A Hertoghe doctor is a doctor trained by Thierry Hertoghe, a Belgian hormone doctor (third or fourth generation). The Hertoghe doctors prescribe NDT and other bio-identical hormones. Most of them work in Belgium, but there are some in other European countries as well. My doctor worked in his practice before going into private practice.

The reason I was put on HRT at age 42 was because I was diagnosed with adrenal fatigue which allegedly caused me to have suboptimal levels of estradiol and progesterone.

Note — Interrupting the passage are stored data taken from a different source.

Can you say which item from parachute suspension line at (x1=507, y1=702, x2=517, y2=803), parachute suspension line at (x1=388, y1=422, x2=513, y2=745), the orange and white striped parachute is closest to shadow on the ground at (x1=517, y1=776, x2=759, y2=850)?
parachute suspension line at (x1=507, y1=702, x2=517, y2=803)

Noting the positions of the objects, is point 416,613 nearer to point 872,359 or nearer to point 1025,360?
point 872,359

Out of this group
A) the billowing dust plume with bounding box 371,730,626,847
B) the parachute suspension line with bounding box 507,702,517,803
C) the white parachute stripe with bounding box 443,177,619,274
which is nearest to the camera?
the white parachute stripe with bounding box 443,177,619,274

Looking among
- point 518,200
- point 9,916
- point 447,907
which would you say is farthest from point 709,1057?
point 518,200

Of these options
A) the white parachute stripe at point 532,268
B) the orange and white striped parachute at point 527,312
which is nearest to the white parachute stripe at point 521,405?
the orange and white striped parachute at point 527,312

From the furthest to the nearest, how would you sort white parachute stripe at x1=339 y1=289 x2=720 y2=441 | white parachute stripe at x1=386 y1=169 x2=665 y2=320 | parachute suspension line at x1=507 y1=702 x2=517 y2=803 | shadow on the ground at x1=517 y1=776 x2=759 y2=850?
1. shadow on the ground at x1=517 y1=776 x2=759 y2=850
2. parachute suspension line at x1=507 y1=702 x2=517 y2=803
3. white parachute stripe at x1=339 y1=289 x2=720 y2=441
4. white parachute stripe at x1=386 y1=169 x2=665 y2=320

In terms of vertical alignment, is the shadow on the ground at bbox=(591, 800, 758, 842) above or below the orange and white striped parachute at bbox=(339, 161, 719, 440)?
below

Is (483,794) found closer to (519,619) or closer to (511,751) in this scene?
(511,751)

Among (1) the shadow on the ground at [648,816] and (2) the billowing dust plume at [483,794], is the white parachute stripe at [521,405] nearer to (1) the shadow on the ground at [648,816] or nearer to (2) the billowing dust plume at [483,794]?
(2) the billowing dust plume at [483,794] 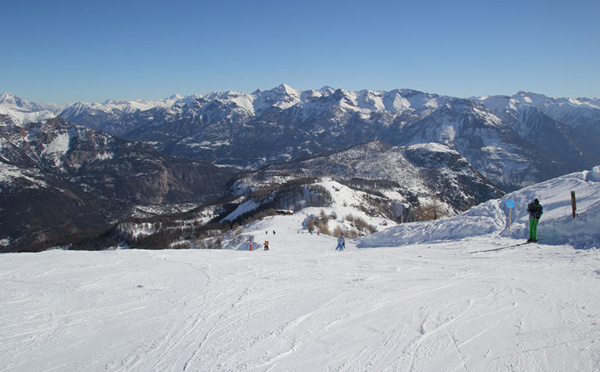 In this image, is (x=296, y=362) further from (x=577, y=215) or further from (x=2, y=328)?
(x=577, y=215)

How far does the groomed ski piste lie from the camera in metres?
7.60

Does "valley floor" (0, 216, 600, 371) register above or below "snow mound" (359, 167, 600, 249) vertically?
below

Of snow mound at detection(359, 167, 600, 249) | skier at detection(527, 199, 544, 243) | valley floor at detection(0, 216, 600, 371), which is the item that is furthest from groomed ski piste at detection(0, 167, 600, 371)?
skier at detection(527, 199, 544, 243)

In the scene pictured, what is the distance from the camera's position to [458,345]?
7.79 meters

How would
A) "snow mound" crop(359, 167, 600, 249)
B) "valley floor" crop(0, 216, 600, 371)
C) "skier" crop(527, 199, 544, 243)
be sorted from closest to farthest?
"valley floor" crop(0, 216, 600, 371), "snow mound" crop(359, 167, 600, 249), "skier" crop(527, 199, 544, 243)

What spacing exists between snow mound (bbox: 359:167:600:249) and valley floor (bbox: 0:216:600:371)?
241 centimetres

I was also put on steroids (Medrol) which I have managed to wean off, and I have to say I feel much better without them.


This is a difficult one. I’ve been having night sweats symptoms on and off for 4 years and am now 3 years post menopause. I take Menosan sage drops for the hot flushes and night sweats and find that it really does help in almost eliminating them. I can’t take HRT as I used to get migraines with auras and that means you’re at risk of stroke if you take HRT so couldn’t take it. When it gets very bad I will reduce my NDT by half a grain and see how that affects me Then increase again once they’ve settled down after a week on sage drops. Hope this helps. Menopause a tough time when you have thyroid disease so you need to listen to your body and look after yourself.